Check the display for %g, it should be: 0.000123457 (no 6 - the 6 was rounded up). If it's not, something very strange is going on.

Here's a tutorial on significant figures (http://www.chem.sc.edu/faculty/morgan/resources/sigfigs/) I found. If you don't like this one, googling turns up plenty more.

Now that I think about it though, "significant figures" is not the correct term to describe what is going on. Apparently, the correct term in this case is "significant digits", which is the phrase that is actually used on the glibc page linked to above, and in my reference book. It had not registered with me earlier that there were two distinct terms here. However the description on the glibc page is a bit confusing.

Here's my version of what's going on (in the default case):

Call the value to be converted v. If |v|>=10^7 or |v|<10^-3, use scientific notation, else use decimal notation.
If more than 6 digits remain to the right of any leading zeros, round the number so that 6 such digits remain.
Strip off trailing zeros if they are to the right of the decimal point.

Thus:
23.00 -> 23
23.00001 -> 23
2300.001 -> 2300
23.67676 -> 23.6768
0.001234566 -> .00123457


You might also add the line:

printf("you typed (%%#g) %#g\n", mydouble);

to the program.

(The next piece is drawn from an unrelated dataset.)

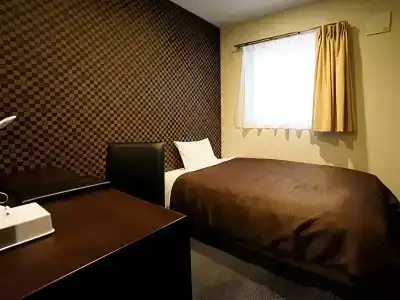 Livemax-Ekimae - 16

The '#' causes trailing zeros not to be stripped.

Here's a version of the program for playing with the "precision" specification. (And to puzzle over the notation... :wink: ) If you want to fiddle with this some more, you might try constructing the statements so that the "field width" can be set instead of (or in addition to) the "precision".

#include <stdio.h>
int main(void)
{
double mydouble;
int precision;

printf("Enter a number\n");
scanf("%lg",&mydouble);
printf("Enter a precision\n");
scanf("%d",&precision);
printf("\n");

printf("With default precision:\n");
printf(" %%f converts your number to: %f\n", mydouble);
printf(" %%e converts your number to: %e\n", mydouble);
printf(" %%g converts your number to: %g\n", mydouble);
printf(" %%#g converts your number to: %#g\n", mydouble);
printf("\n");

printf("With precision %d:\n", precision);
printf(" %%.%df converts your number to: %.*f\n", precision, precision, mydouble);
printf(" %%.%de converts your number to: %.*e\n", precision, precision, mydouble);
printf(" %%.%dg converts your number to: %.*g\n", precision, precision, mydouble);
printf(" %%.%d#g converts your number to: %.*#g\n", precision, precision, mydouble);

return 0;
}

[Math Is Hard]

plover, you are a wealth of information! Thanks so much!